Reproduce exactly, and only, the lines below from the one containing "Western blot - Anti-SARS-CoV2" through the one containing "Western Blot analysis".

▶ **Dataset items**
# # # # #

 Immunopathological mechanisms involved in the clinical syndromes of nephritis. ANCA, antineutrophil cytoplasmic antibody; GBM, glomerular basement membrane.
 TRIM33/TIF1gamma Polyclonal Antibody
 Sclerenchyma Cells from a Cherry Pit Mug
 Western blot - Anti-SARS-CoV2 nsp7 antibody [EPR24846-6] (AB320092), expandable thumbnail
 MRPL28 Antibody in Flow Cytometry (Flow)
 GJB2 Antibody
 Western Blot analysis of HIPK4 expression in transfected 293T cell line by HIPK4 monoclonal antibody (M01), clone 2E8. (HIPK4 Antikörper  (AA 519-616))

# # # # #

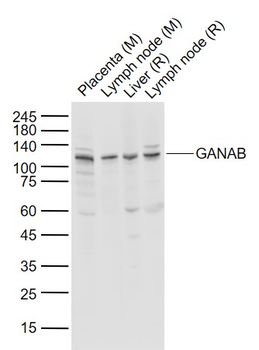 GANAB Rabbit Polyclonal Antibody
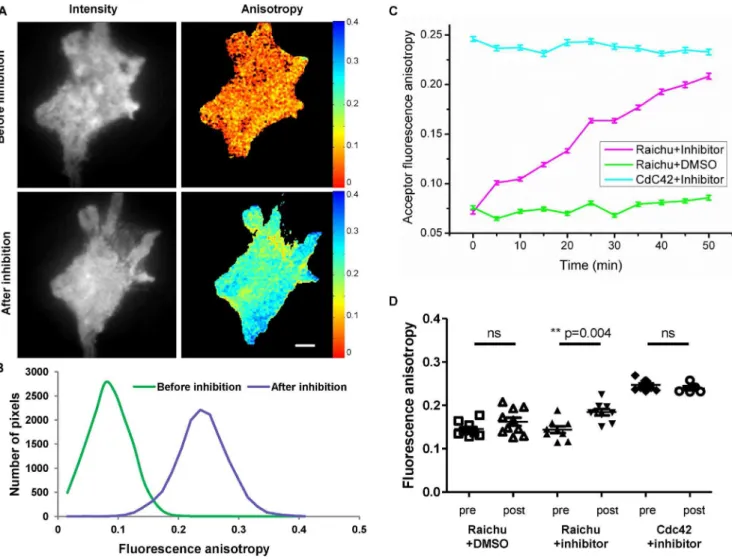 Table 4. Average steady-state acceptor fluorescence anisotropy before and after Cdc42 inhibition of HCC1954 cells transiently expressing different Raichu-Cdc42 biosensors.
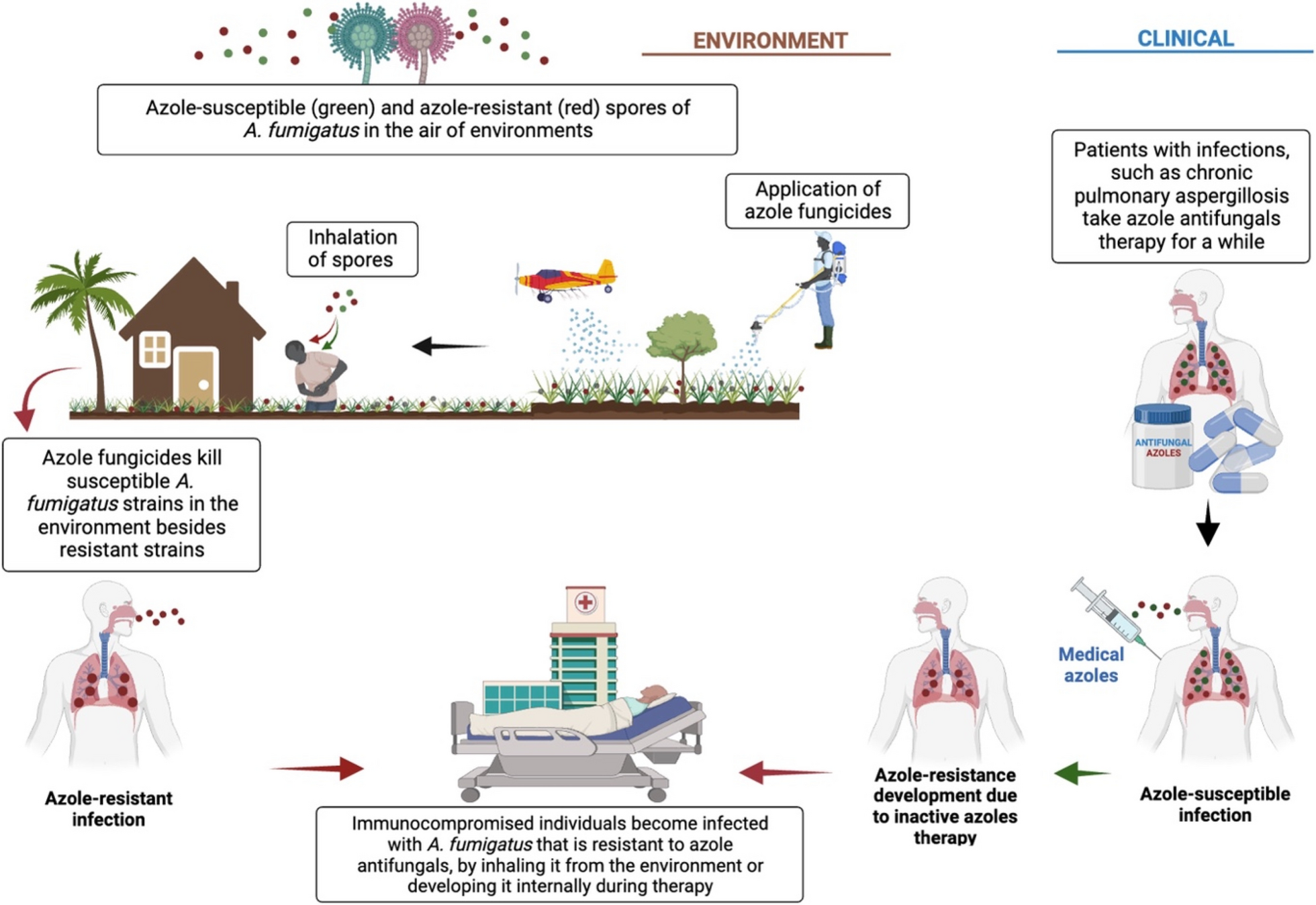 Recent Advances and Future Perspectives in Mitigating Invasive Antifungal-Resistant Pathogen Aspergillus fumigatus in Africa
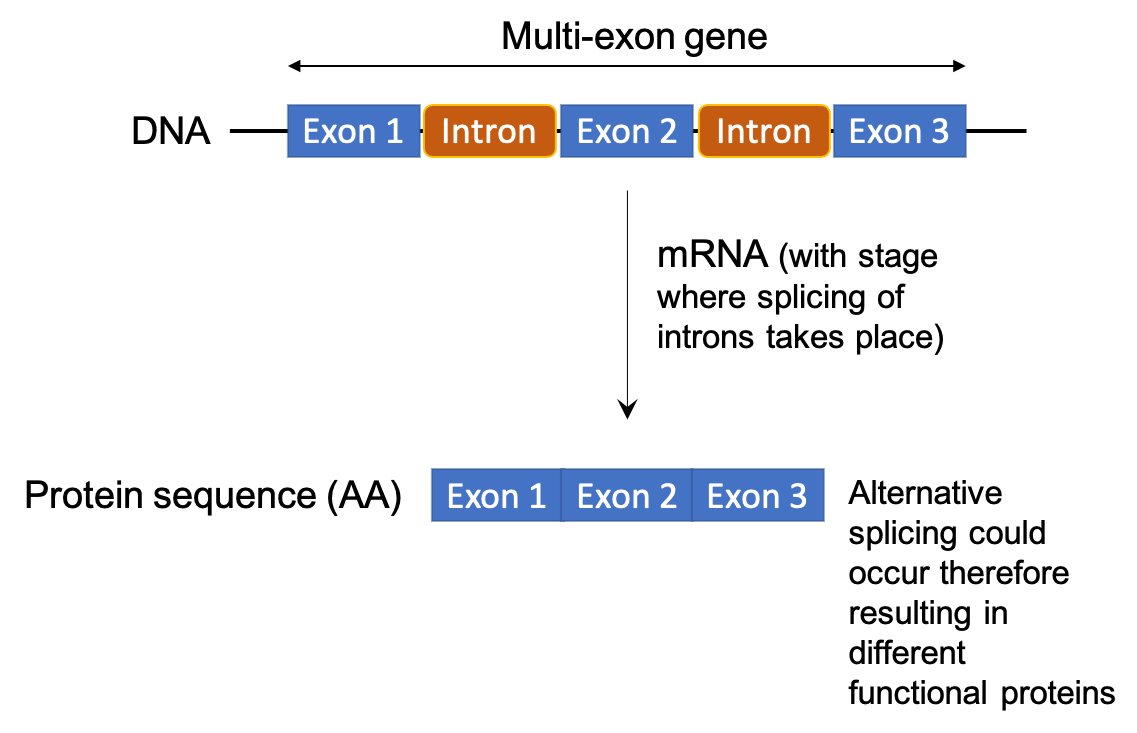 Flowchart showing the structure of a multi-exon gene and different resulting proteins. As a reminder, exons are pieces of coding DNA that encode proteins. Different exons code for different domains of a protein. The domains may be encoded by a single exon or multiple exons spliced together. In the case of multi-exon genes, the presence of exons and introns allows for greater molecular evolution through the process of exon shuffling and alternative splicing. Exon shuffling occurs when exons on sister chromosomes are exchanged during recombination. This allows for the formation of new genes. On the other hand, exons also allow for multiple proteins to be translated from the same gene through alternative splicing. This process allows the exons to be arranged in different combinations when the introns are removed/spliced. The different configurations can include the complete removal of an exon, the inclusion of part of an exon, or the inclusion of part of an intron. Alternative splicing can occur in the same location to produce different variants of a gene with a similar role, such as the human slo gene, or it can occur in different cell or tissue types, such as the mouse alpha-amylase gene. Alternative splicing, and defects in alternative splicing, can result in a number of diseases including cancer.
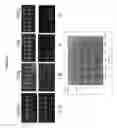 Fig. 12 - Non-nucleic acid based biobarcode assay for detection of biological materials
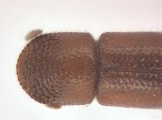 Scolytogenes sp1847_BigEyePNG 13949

# # # # #

▶ **COMPLETED EXERCISE**
 Western blot - Anti-SARS-CoV2 nsp7 antibody [EPR24846-6] (AB320092), expandable thumbnail
 MRPL28 Antibody in Flow Cytometry (Flow)
 GJB2 Antibody
 Western Blot analysis of HIPK4 expression in transfected 293T cell line by HIPK4 monoclonal antibody (M01), clone 2E8. (HIPK4 Antikörper  (AA 519-616))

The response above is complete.